*Task statement:* Could you repeat the entries below exactly, but only from the line with "Japanese Brand Bakuto893" through the line with "Máquina de Grabado", and without any picture?

*Available data:*
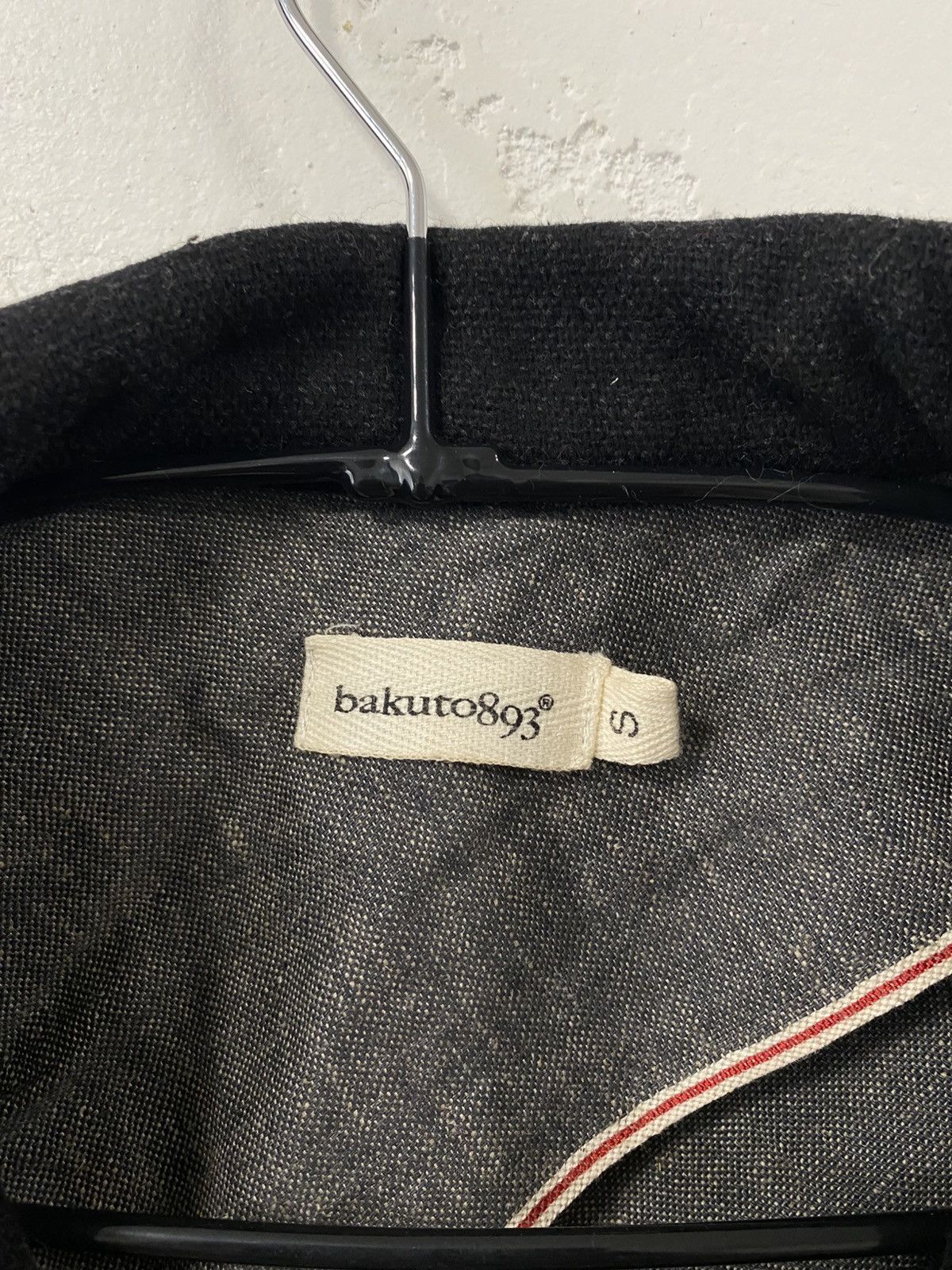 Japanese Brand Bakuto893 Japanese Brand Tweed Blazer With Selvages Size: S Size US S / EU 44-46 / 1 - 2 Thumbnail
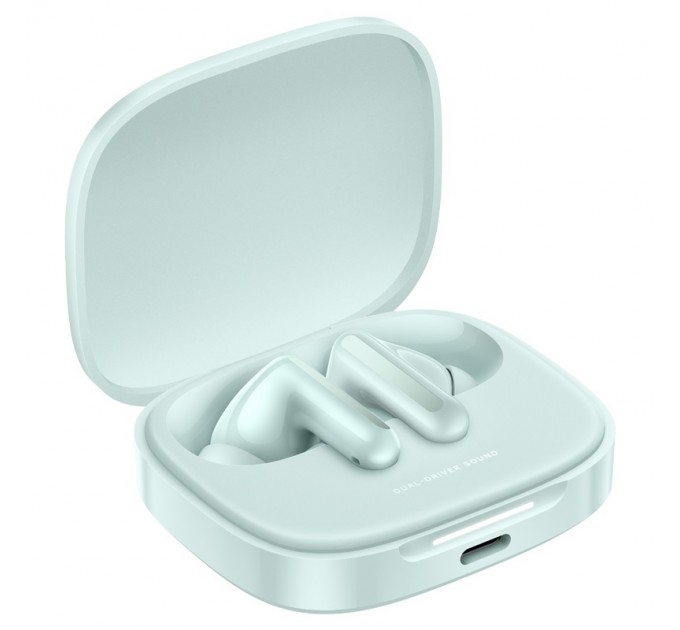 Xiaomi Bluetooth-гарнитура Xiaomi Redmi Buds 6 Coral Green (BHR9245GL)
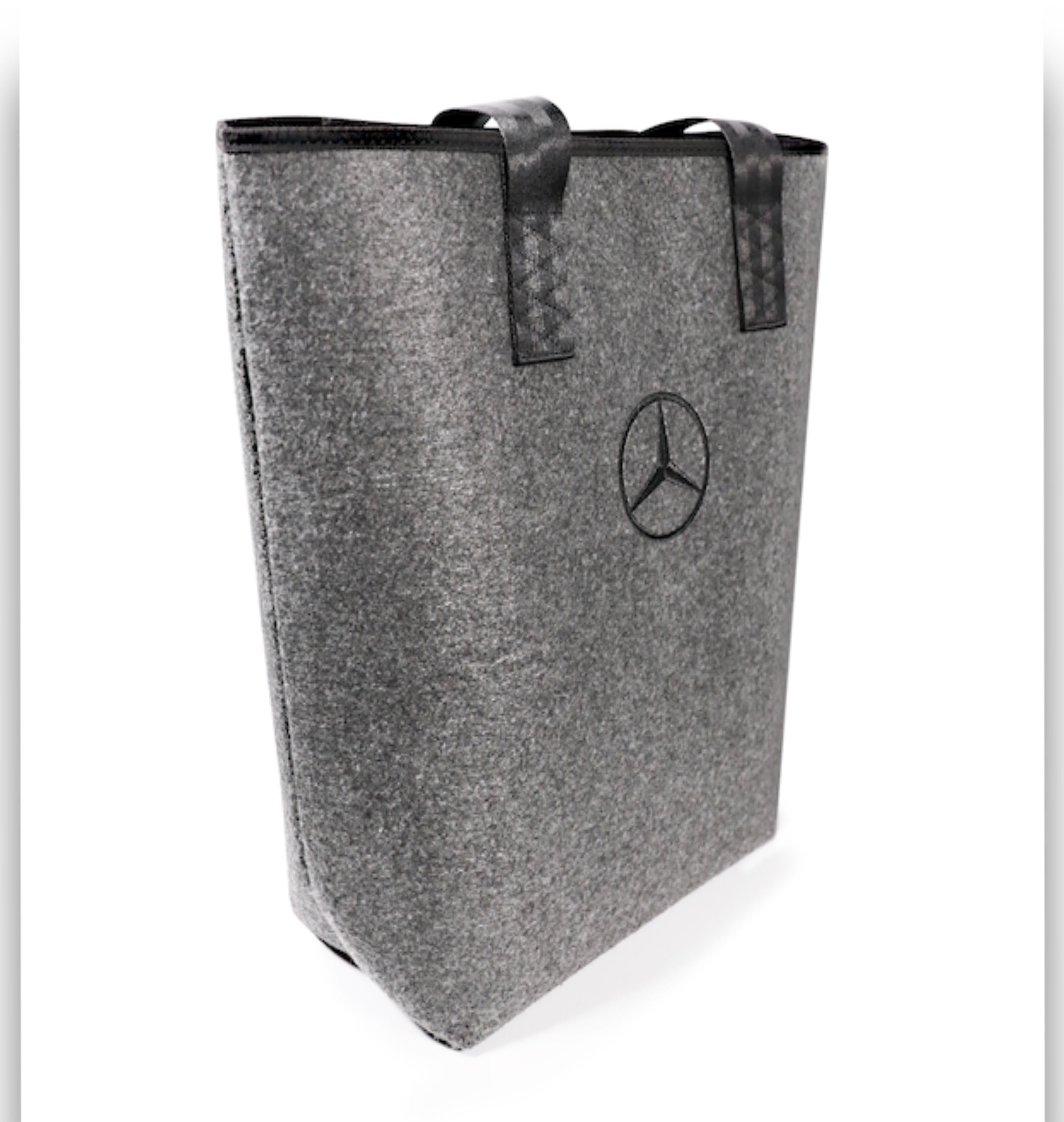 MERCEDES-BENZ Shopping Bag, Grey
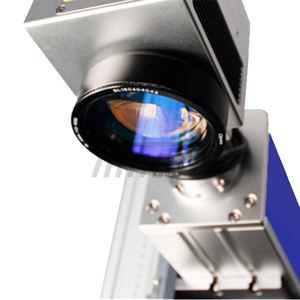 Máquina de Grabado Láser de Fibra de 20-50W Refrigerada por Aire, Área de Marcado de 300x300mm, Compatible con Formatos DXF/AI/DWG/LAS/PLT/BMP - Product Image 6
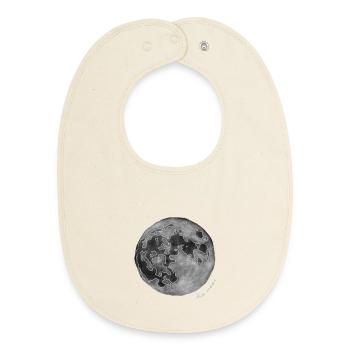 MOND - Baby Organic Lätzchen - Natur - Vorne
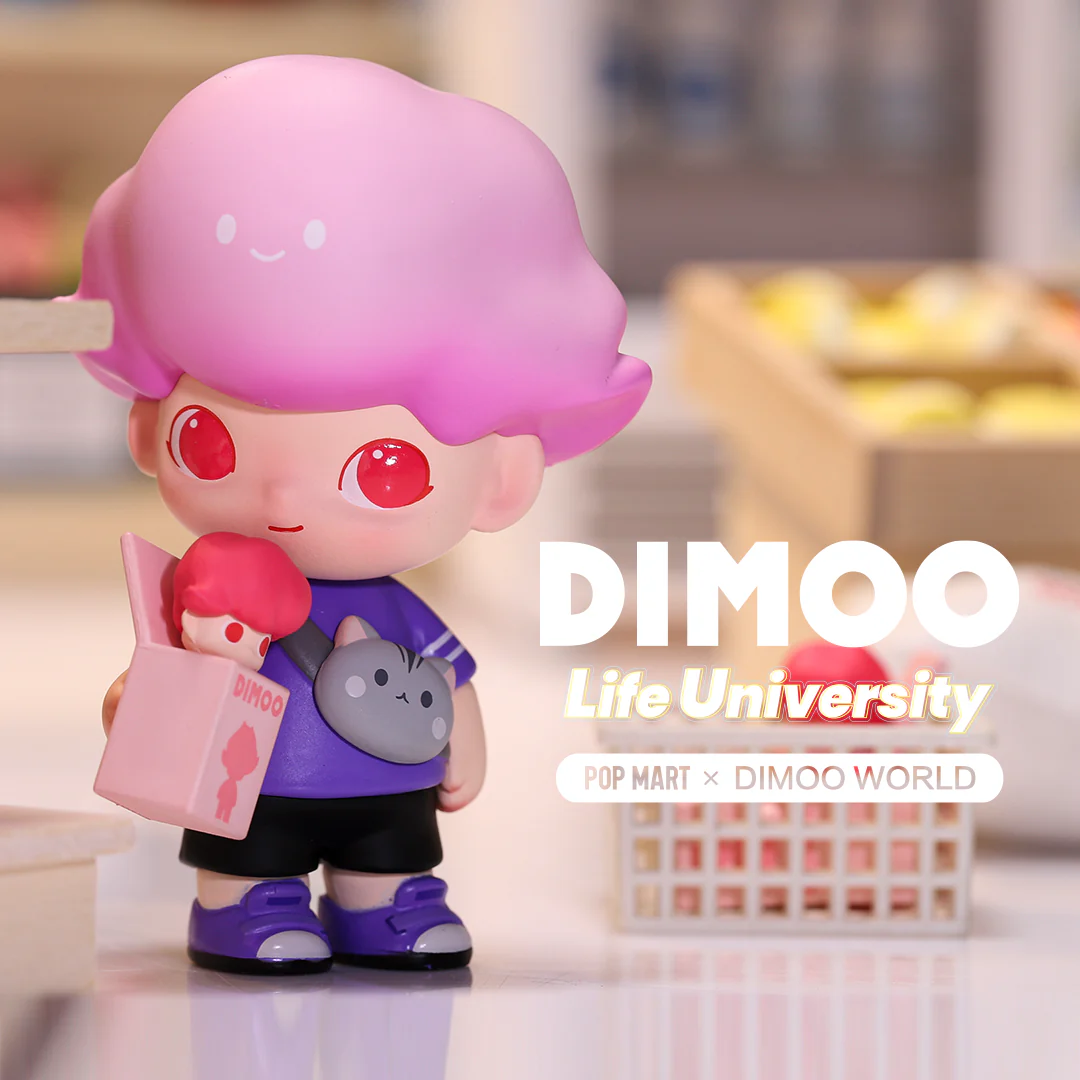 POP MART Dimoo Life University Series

* * *

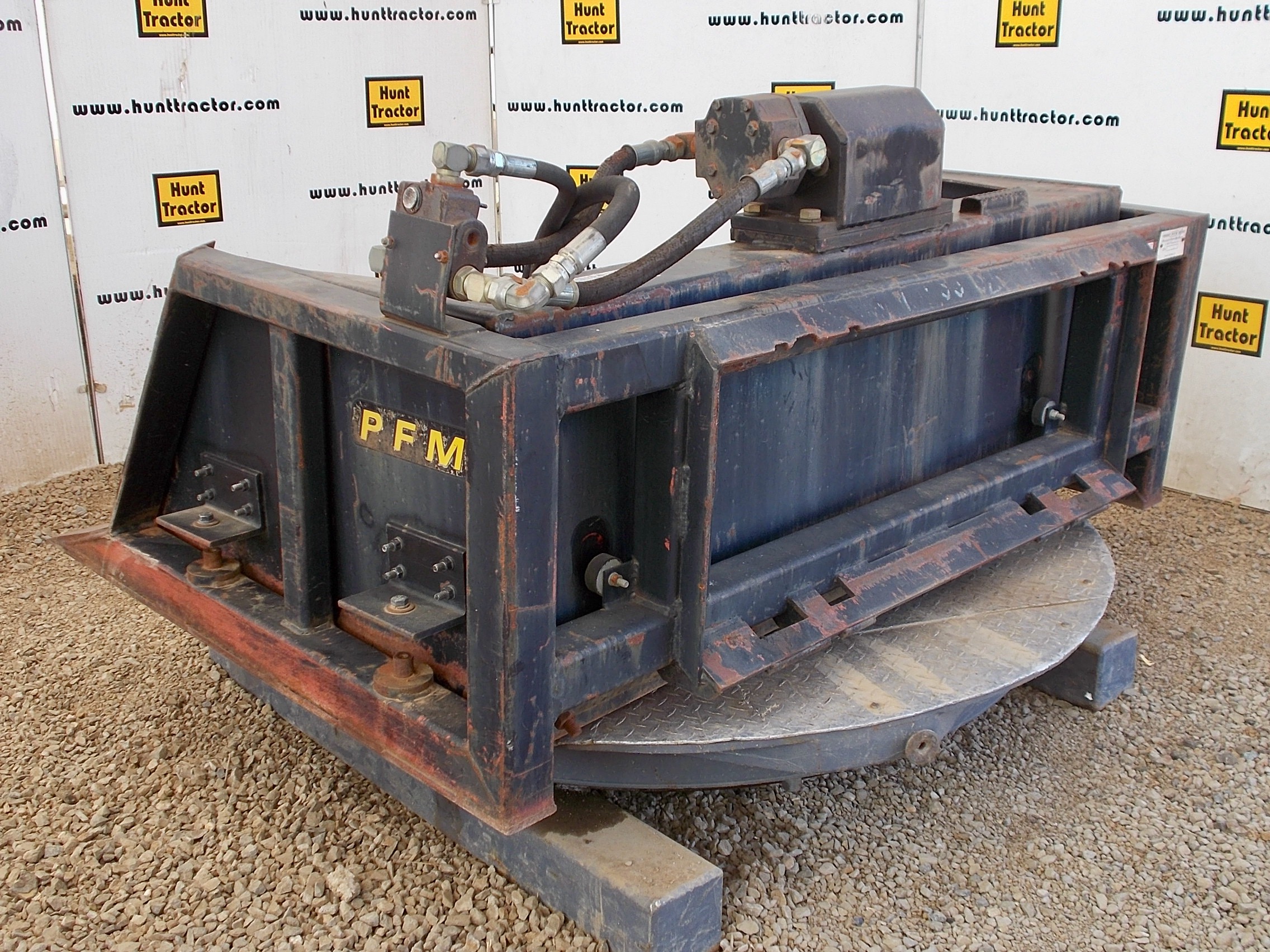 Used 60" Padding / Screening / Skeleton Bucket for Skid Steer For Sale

*Answer for this exercise:*
 Japanese Brand Bakuto893 Japanese Brand Tweed Blazer With Selvages Size: S Size US S / EU 44-46 / 1 - 2 Thumbnail
 Xiaomi Bluetooth-гарнитура Xiaomi Redmi Buds 6 Coral Green (BHR9245GL)
 MERCEDES-BENZ Shopping Bag, Grey
 Máquina de Grabado Láser de Fibra de 20-50W Refrigerada por Aire, Área de Marcado de 300x300mm, Compatible con Formatos DXF/AI/DWG/LAS/PLT/BMP - Product Image 6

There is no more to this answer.